• **ABOUT THIS TASK**: Would you return exactly the lines below from the line with "This actually happened" through the line with "A couple things", both included, and nothing else, leaving out the pictures?

• **DATA SUPPLIED**:
════════
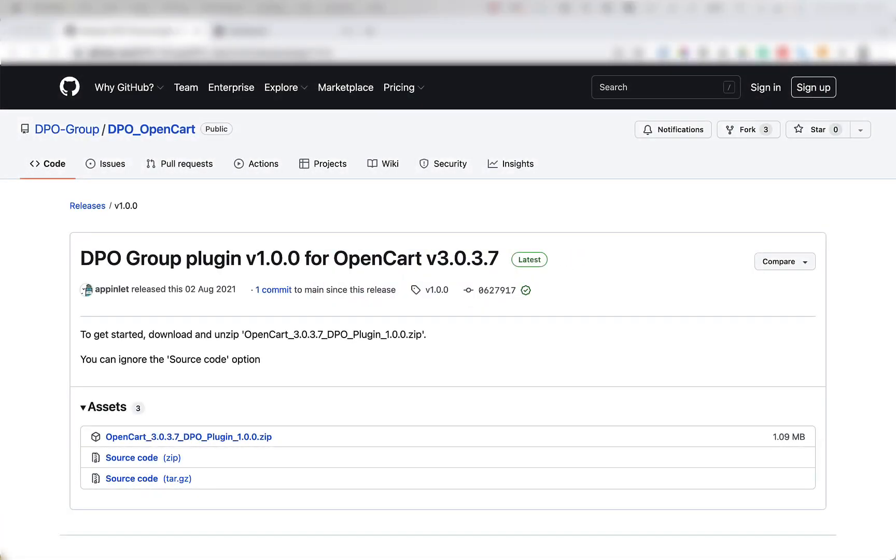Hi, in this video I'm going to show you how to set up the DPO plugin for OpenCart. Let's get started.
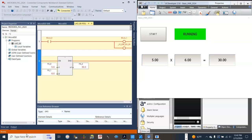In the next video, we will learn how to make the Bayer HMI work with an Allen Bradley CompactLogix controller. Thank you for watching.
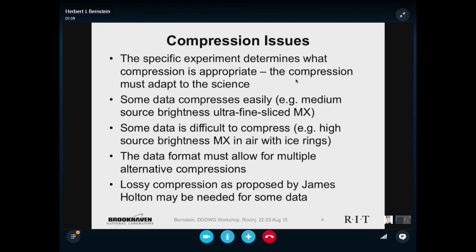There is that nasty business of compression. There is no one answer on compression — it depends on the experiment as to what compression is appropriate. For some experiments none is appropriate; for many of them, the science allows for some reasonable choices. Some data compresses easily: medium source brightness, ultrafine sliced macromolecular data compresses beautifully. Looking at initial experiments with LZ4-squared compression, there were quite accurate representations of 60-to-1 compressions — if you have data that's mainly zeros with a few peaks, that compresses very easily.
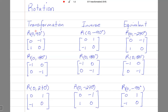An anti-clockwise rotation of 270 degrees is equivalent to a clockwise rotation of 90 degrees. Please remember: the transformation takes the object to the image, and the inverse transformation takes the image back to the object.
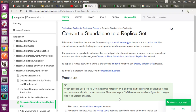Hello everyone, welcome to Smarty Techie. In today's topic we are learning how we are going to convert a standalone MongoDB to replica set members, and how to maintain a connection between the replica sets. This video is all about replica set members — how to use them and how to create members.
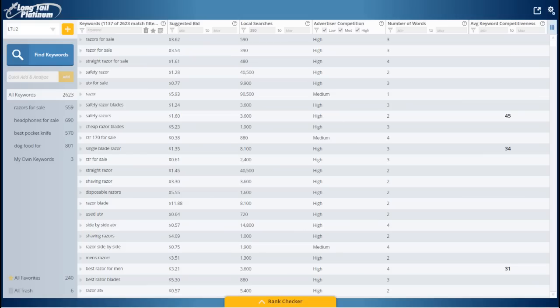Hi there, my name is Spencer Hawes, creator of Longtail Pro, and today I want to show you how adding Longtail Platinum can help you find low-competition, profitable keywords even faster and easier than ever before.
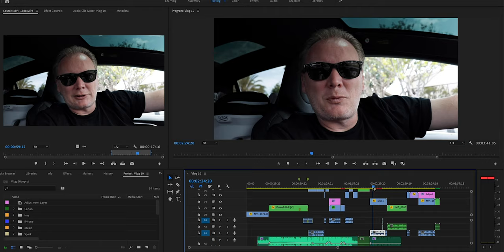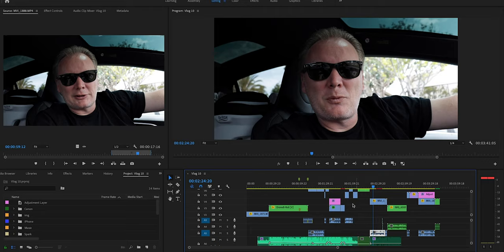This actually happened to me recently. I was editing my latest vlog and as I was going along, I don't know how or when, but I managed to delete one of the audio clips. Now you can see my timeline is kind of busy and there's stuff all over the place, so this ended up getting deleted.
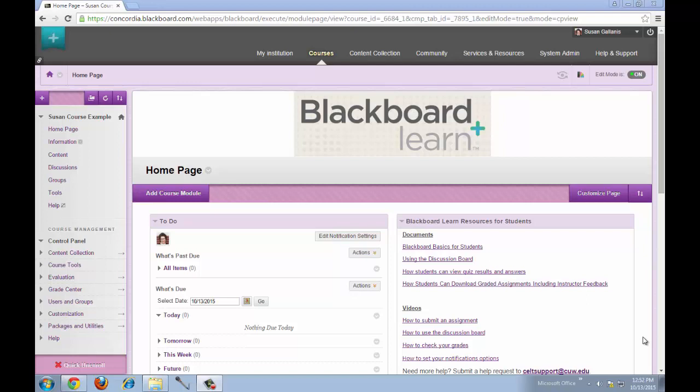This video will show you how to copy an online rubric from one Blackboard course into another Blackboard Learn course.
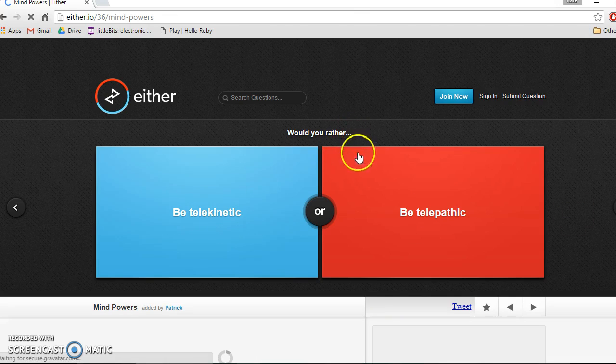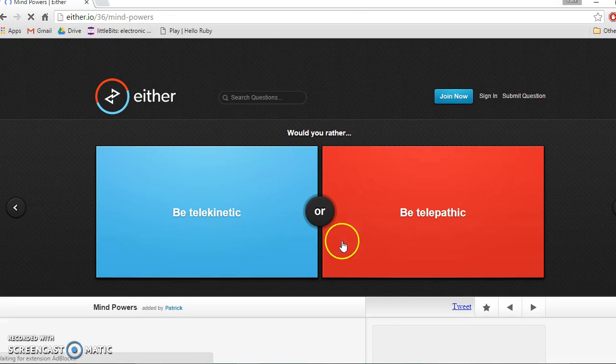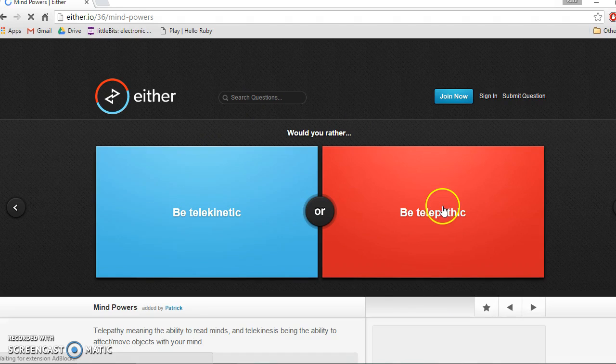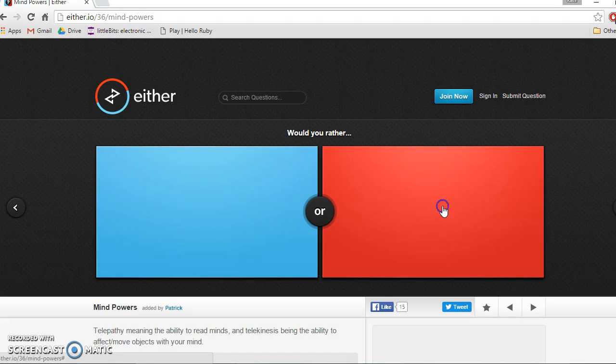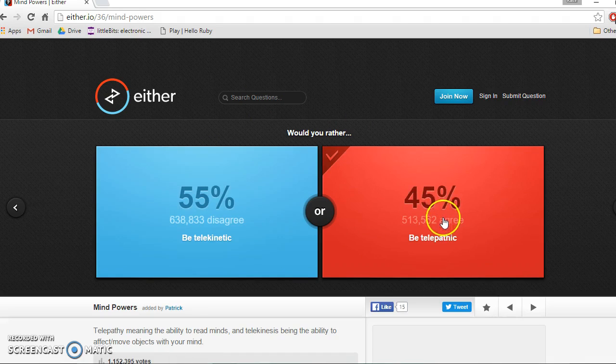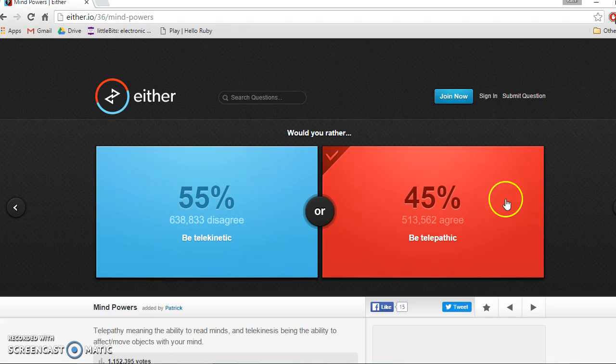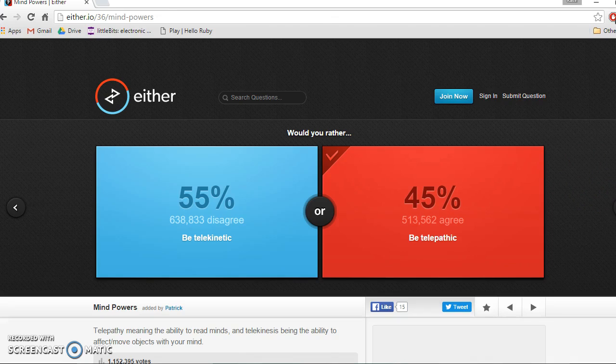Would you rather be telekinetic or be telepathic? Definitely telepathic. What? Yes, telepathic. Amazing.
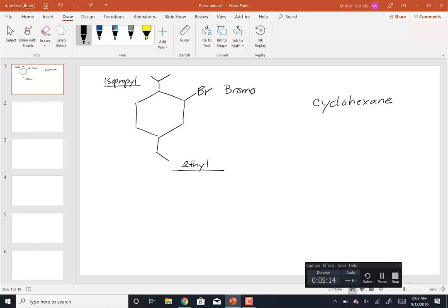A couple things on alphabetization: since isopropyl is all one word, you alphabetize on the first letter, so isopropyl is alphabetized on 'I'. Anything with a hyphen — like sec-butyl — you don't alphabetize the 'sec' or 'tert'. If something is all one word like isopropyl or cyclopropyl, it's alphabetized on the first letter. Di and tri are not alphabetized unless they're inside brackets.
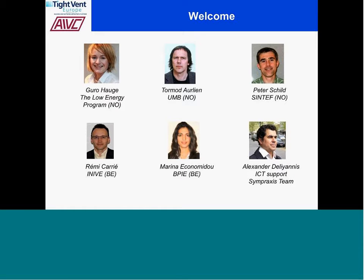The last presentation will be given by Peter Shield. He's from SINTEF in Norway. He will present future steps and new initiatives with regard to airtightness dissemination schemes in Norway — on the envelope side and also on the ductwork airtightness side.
════════
• **FINISHED EXERCISE**:
This actually happened to me recently. I was editing my latest vlog and as I was going along, I don't know how or when, but I managed to delete one of the audio clips. Now you can see my timeline is kind of busy and there's stuff all over the place, so this ended up getting deleted.
This video will show you how to copy an online rubric from one Blackboard course into another Blackboard Learn course.
Would you rather be telekinetic or be telepathic? Definitely telepathic. What? Yes, telepathic. Amazing.
A couple things on alphabetization: since isopropyl is all one word, you alphabetize on the first letter, so isopropyl is alphabetized on 'I'. Anything with a hyphen — like sec-butyl — you don't alphabetize the 'sec' or 'tert'. If something is all one word like isopropyl or cyclopropyl, it's alphabetized on the first letter. Di and tri are not alphabetized unless they're inside brackets.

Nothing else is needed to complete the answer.